Latvia is in line to join the Eurozone in 2014 as it plans if it continues on its current fiscal and economic path, EU Economic and Monetary Affairs Commissioner Olli Rehn said on October 18.
"It is possible that they could join in 2014. The review (of whether the country meets the criteria) will be done in spring next year, as was done for Estonia in 2010," Rehn told Reuters.
The Baltic state is one of only two EU members to have entered ERM II - the final track towards membership of the single currency which obliges them to join, despite the fact that of the 10 states that pledged to enter by 2014 when they joined the bloc in 2004, only three - Estonia, Slovakia and Slovenia - have done so. With the Eurozone crisis raging, countries have taken the opportunity to backpedal on the commitment, with the Czechs and Hungarians exhibiting particular disdain for the idea.

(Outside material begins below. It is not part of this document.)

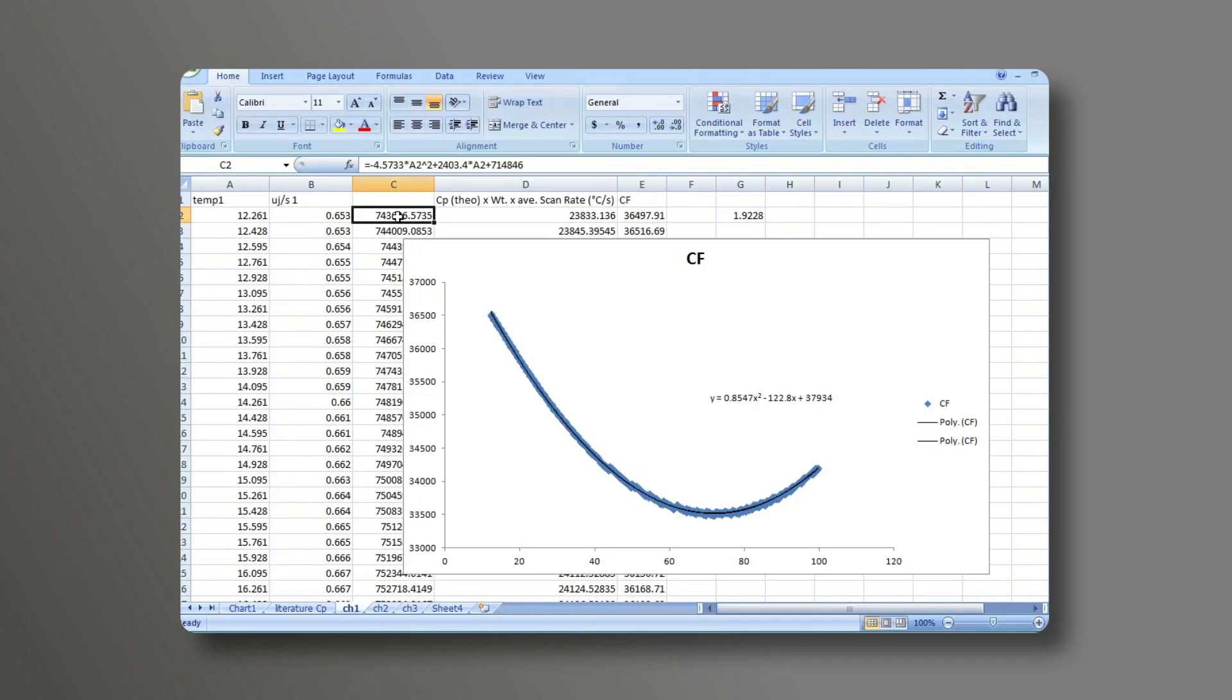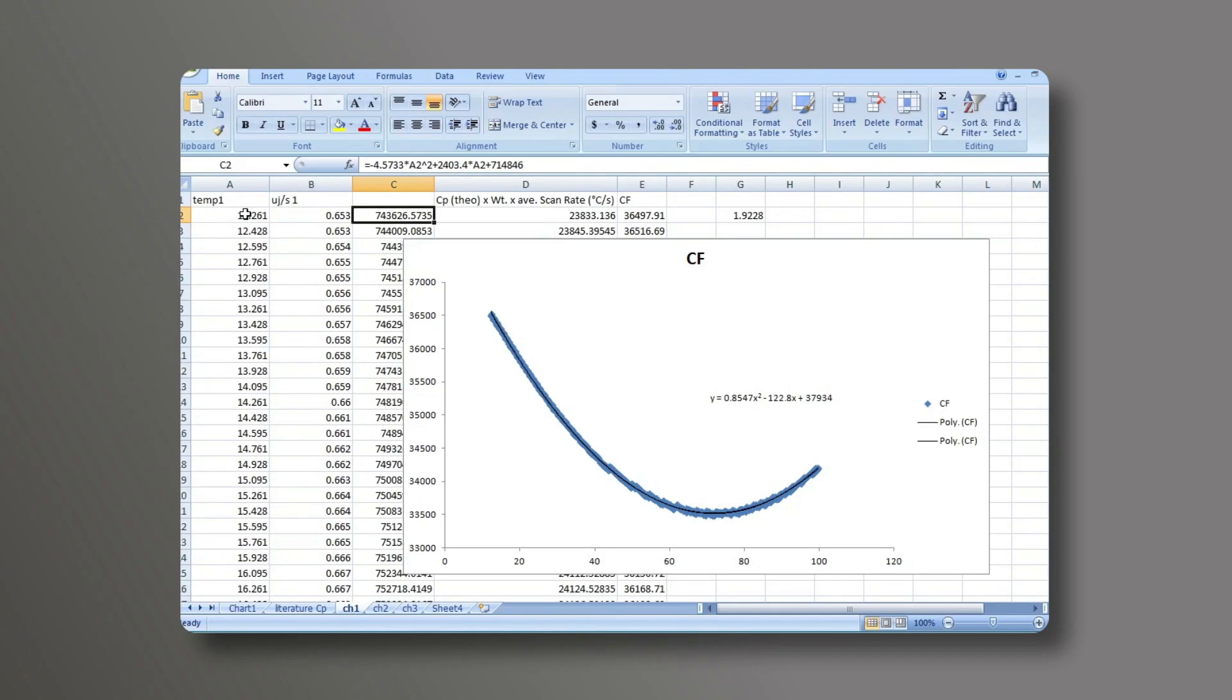In the third column, we have the equation that was determined using the theoretical heat capacity. So we have all of these coefficients that came from that fit of the second order polynomial. And then for the values that we put in for x, it's the temperature values that we actually used in this experiment.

That leaves only Latvia and neighbouring Lithuania as the candidates to become the 18th and 19th members of the Eurozone. Both have been lauded by the investors for their strict austerity measures since the Baltic economy crumpled in 2009, and that has helped pull them towards the fiscal targets needed to join, including criteria on low inflation, debt and budgetary balance, as well as currency stability.
Latvian Prime Minister Valdis Dombrovskis said in September that "adopting the euro is still the plan, we stick with the intention to join as of January 1, 2014." Lithuania, although enthusiastic, has yet to name a target date for joining. "Both Latvia and Lithuania have good chances of fulfilling the Maastricht criteria in April 2013 to be able to adopt the euro in 2014," Swedbank said in a special report issued in August. "The chances of meeting the criteria are somewhat bigger for Latvia, since it has more room for manoeuvre in terms of the price stability and budget deficit criteria, as well as stronger political re-solve."
Lithuania may face an even bigger challenge following parliamentary elections last week which saw the right-wing austerity minded coalition replace with a group of left-leaning, populist parties. That said, most analysts agree there is little option but to continue to exercise fiscal discipline.